Um aspecto interessante é que uma transformada da transformada gera de volta o padrão inicial (a menos de alguns detalhes). A figura abaixo representa a transformada de uma pequena figura de cavalo. Notamos que a sombra formada numa parede distante não se parece em nada com um cavalo, mas toda a informação original está lá, transformada, “implicada” (o padrão do lado direito da figura foi gerado pelo físico Eduardo Khamis). Se uma pequena transparência for impressa com esse padrão, e colocado no caminho de um feixe de luz, a figura resultante na parede terá a forma (bidimensional) do cavalo original, correspondendo assim a uma ordem “explícita”. Esse fenômeno pode ser observado naquelas pequenas lanternas chinesas, de raio laser avermelhado, que projetam formas como a de um cavalo. Se olharmos com um pequeno microscópio para a máscara que é colocada na lanterna, ela parecerá um padrão de pontos aleatórios. Cada ponto na fenda é projetado na parede como um padrão de anéis concêntricos, e o padrão resultante acaba ficando parecido com um cavalo.
Bohm não faz uso desta analogia com a difração, mas com um fenômeno mais complexo conhecido como “holografia”, que discutiremos no próximo texto. Com isso, chegou à conclusão de que cada pequena região do espaço e do tempo contém implicitamente a ordem total do Universo. Tal afirmação nos faz lembrar do “aleph” de Jorge Luis Borges, uma pequena esfera perdida no porão de uma casa em Buenos Aires onde se podia ver todos os detalhes do Universo:
“Nesse instante gigantesco, vi milhões de atos agradáveis ou atrozes; nenhum me assombrou mais que o fato de todos ocuparem o mesmo ponto, sem superposição e sem transparência. O que meus olhos viram foi simultâneo; o que transcreverei será sucessivo, pois a linguagem o é” (“O Aleph”, Editora Globo, 1978, p. 133).

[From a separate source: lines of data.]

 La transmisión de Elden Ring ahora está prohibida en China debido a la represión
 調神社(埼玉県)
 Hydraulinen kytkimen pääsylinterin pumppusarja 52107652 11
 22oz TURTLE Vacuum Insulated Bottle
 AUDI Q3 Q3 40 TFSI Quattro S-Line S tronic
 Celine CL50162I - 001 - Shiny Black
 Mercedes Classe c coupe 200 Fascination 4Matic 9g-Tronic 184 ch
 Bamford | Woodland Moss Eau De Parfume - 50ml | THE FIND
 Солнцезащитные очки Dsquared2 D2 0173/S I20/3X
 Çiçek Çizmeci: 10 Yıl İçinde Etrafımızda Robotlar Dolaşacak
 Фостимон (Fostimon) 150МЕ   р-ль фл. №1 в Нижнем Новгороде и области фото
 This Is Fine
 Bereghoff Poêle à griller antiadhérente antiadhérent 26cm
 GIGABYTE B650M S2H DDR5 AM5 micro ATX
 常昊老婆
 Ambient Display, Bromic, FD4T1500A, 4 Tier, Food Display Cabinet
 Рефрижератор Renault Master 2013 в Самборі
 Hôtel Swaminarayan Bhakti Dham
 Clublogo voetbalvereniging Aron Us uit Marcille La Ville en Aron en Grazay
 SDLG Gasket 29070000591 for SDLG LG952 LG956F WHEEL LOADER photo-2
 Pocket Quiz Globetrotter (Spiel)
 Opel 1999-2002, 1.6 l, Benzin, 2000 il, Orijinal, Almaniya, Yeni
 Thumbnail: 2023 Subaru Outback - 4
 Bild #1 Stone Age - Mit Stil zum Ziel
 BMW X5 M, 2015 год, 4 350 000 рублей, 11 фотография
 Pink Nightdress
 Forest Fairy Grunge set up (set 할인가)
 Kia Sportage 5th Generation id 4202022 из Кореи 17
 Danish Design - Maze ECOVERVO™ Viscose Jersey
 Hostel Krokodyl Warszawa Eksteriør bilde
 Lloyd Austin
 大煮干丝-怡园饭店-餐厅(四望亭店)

Outra característica da visão de Bohm é o que ele chamou de “holomovimento”, que combina sua concepção holista do Universo indiviso com uma “ontologia de processos”, ao invés de uma ontologia de coisas. O termo filosófico “ontologia” se refere à questão sobre o que é feito o mundo, do que é constituído o mundo. O materialismo mecanicista, por exemplo, tende a ver o mundo como constituído de matéria (que seria sua ontologia básica) provida de movimento. Uma filosofia de processo coloca como mais fundamental o movimento, o fluxo, a mudança, e a partir desse processo emergiriam estruturas dinâmicas relativamente invariantes, que denominamos “coisas”. Ao longo da história, metafísicas de processo foram propostas por Heráclito, Whitehead, Bergson, Prigogine, entre muitos outros.

Outro aspecto interessante dessa concepção, presente também em sua teoria causal (de variáveis ocultas, ou da onda piloto) de 1952, é considerar que a realidade do Universo quântico é fundamentalmente multidimensional. Por exemplo, duas partículas emaranhadas corresponderiam a uma única entidade em 6 dimensões espaciais. O que vemos como duas partículas correlacionadas seriam projeções desta entidade única em dois eixos ortogonais, assim como um peixe em um aquário é visto de maneiras diferentes em lados ortogonais do aquário (por exemplo, em um lado o vemos de frente e de outro o vemos de lado). Tal ideia já tinha sido discutida por Max Born no Congresso de Solvay de 1927, mas Bohm é um dos poucos a defendê-la explicitamente.

A interpretação do holomovimento de Bohm busca fornecer um arcabouço geral para que se desenvolva uma nova abordagem para a física, mas ela não apresenta descrições mais detalhadas de fenômenos quânticos. Bohm, em colaboração com Basil Hiley e outros, explorou o uso de certas álgebras para exprimir como seriam as leis do “pré-espaço”, mas os resultados obtidos não foram muito relevantes.

Bohm especulou também que a ordem implicada se aplicaria tanto para a matéria quanto para a consciência. Utilizou a teoria do neurologista Karl Pribram, que também se inspirou na holografia, e que examinaremos no próximo texto. A visão geral de Bohm parece se aproximar daquela defendida no séc. XVII pelo filósofo holandês Spinoza: matéria, vida, consciência seriam algumas “projeções” de uma totalidade multidimensional única.